I’ve been to no less than six graduation ceremonies in the past month, including a couple of my own. Everywhere and by everyone, the title “alum” is thrown around with the annoying alacrity of a champagne cork. Not that it isn’t a privilege to be an alum of these fine institutions and maybe the title’s rewards will become more apparent with time, but for now it feels like poor consolation for the loss of the momentous and worthy thing you just were.
You spend four (plus) years invested in being a “student” in this place. Your life is defined by your endless hours of schoolwork, classes, and other activities. You always look weather beaten, especially around finals time, and you’re practically venerated for it. And yet, minutes after you graduate people think of your struggles as a thing of the past. It doesn’t matter if you’ve been alum for five days or five decades, you’re suddenly about as relevant as a Civil War veteran. You are no longer considered an authority regarding classes or school events or anything pertaining to the private workings of your school . Increasingly, you’re forced to qualify every piece of information you give with a phrase like “when I was there..”.

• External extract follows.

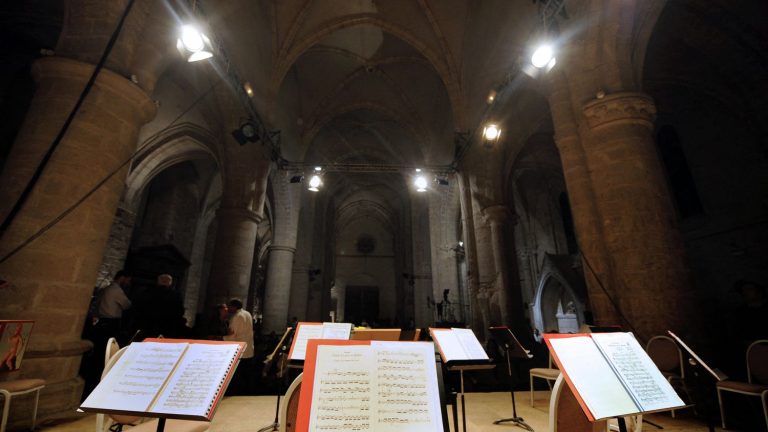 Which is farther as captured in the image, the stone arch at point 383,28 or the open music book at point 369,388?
the stone arch at point 383,28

It’s not just credibility that you lose either. You thought your student privileges were like a birthright. You came and went as you please. But alumni can’t do that. In fact, alumni can’t do much more than haunt the grounds they trod on as their own hours earlier. Alumni are destined to forever visit their former campuses, having no real business there but to resurrect shadows of their former glory, yet expecting a red carpet and fanfare to await their return. Heck, you’d even settle for a smile and a “Welcome back!”. Instead, you stand there reminiscing at your favourite places, silently begging for someone to acknowledge and celebrate with you those memories that you made there but no one does. Then you get elbowed by students running to get to class, who may or may not be visibly peeved at the “visitors” in their way.
So yes, I’m pleased and proud to have been a part of my schools for any length of time, to be sure. But this awkward period between a student and being whatever else this next stage will be is both humiliating and exhilarating. I’m not a big fan of labels, but not knowing what to say or do with myself this summer is weighing on me and my fellow graduates. And being constantly reminded that we are now alumni is doing nothing to help.